* _REQUIRED WORK_
Search the records below for "Black"; copy each line that has it.

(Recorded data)

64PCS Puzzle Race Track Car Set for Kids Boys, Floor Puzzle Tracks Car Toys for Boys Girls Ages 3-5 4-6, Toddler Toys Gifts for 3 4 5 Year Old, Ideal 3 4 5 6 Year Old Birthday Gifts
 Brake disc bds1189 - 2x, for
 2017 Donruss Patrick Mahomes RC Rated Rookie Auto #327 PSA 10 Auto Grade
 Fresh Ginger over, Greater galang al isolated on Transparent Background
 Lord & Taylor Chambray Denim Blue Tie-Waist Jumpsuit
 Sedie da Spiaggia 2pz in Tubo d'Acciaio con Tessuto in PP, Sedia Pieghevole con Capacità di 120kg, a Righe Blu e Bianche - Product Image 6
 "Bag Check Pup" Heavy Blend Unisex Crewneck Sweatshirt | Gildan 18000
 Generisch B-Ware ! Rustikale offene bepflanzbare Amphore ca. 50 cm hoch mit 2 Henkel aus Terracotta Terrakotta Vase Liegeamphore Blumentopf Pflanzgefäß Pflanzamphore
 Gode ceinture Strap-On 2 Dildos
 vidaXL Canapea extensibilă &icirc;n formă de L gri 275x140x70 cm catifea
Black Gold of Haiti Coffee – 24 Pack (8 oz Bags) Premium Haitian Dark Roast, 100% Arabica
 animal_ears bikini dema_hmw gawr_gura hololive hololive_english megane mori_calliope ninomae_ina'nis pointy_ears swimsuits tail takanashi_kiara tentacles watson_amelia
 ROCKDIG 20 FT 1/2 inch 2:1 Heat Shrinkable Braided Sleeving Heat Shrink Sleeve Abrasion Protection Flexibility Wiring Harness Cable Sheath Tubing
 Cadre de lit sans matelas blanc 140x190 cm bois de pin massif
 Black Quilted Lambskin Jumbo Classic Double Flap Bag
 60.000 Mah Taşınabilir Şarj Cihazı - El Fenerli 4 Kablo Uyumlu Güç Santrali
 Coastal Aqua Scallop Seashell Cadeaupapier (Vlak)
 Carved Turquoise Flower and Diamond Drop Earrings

* _SOLUTION_
Black Gold of Haiti Coffee – 24 Pack (8 oz Bags) Premium Haitian Dark Roast, 100% Arabica
 Black Quilted Lambskin Jumbo Classic Double Flap Bag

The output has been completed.